I have come upon the anti-psychiatry movement late.  I've only just started reading some blogs about it.  There's a lot of outcry about the perils of being medicated, some of which I certainly sympathize with, but what I was really looking for was a list of alternatives to taking the medications.  I just found one large site with lots and lots of information on it, it's called Beyond Meds: Alternatives to Psychiatry.  I've only read a bit of it, but plan to return and continue my research.  I was fascinated to find that I have been going on a parallel course because some of the alternatives that are suggested are Mindfulness, Meditation, Yoga and viewing one's illness as actually a psycho-spiritual journey.  On one of the sites that I stopped at they even were pushing books by Adyashanti!  I also read an article by a woman who suffered from Bi-Polar disorder who came to embrace Tibetan Buddhism and mind training, while working in a peer-run support group and not taking the medications.

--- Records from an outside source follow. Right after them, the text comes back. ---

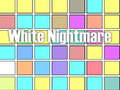 Igra White Nightmare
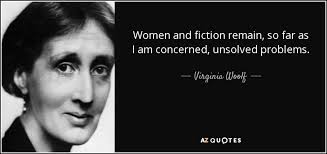 As far as aunt elaine is concerned , we still need to get example: Virginia Woolf Quote Women And Fiction Remain So Far As I Am Concerned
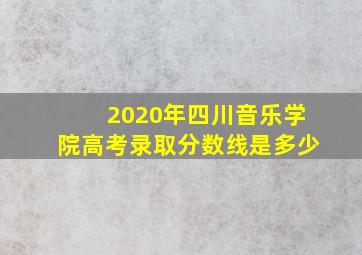 2020年四川音乐学院高考录取分数线是多少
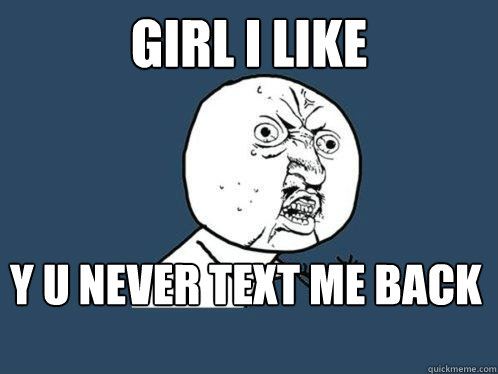 girl i like y u never text me back - girl i like y u never text me back  Y U No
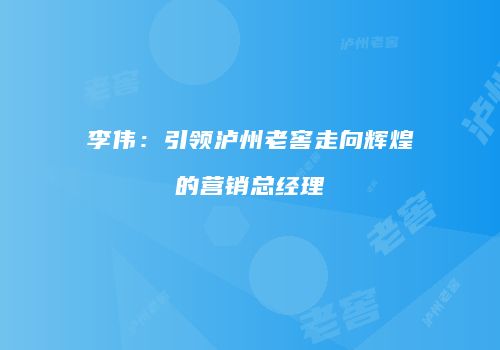 李伟：引领泸州老窖走向辉煌的营销总经理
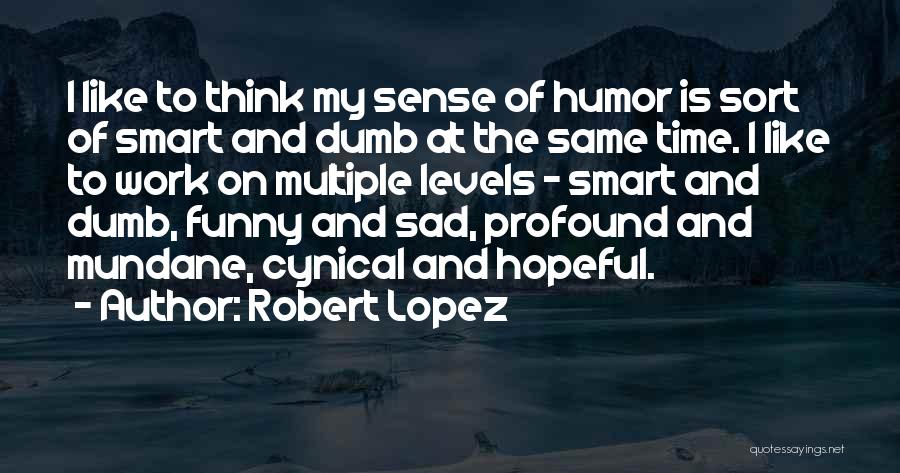 Cynical Humor Quotes By Robert Lopez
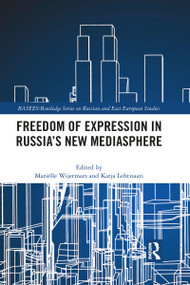 Freedom of Expression in Russia's New Mediasphere - 9781032085395 by Mariëlle Wijermars, Katja Lehtisaari, 9781032085395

In terms of spiritual orientation these anti-psychiatry people appear to by "my" people.  I certainly do accept them as such because we have been to the same hard places.  And I am all for exploring alternatives to the medications.  If people don't explore, they will never find ways to develop better treatments to complex psychotic illnesses.  And without exploration, there's not even the possibility of discovering a cure.  It seems more and more likely that community outreach programs and peer run support groups will be the wave of the future.  God, I hope so.  I know I was meant to be a part of a mental health support group.  The great thing about support groups is that everyone is welcome from the acutely ill to those in partial recovery to those in full recovery.  There's so much we can learn from one another, but we have to get into each other's hearts and minds and learn how to be there for each other.

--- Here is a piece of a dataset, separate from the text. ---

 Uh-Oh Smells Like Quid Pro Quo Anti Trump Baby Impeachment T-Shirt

I want to believe that following a spiritual path of being Mindful and training the mind to study itself without judgment could help to treat acute psychosis.  I want to believe the same for Cognitive Behavioral Therapy and peer run support groups and diet, nutrition and exercise programs, but I honestly don't know yet.  Maybe individualized combinations of treatments could really address the core symptoms enough to treat acute psychosis without medication or with medication at a very small dosage.  All I know is that people need to get organized and that's what the anti-psychiatry movement appears to be doing, working both in communities and online.  I know I need the help in my community;  medication and individual therapy have not been enough for me -- I need to meet peers face to face.  I've felt frustration about this for so long and disappointment in myself for not having the courage and stamina to start up a support group in my town.  I'm hoping this will change this year. I talk a good game about peer support because I got so much out of going to the Al-Anon group, but the group is just not appropriate from people with psychotic disorders.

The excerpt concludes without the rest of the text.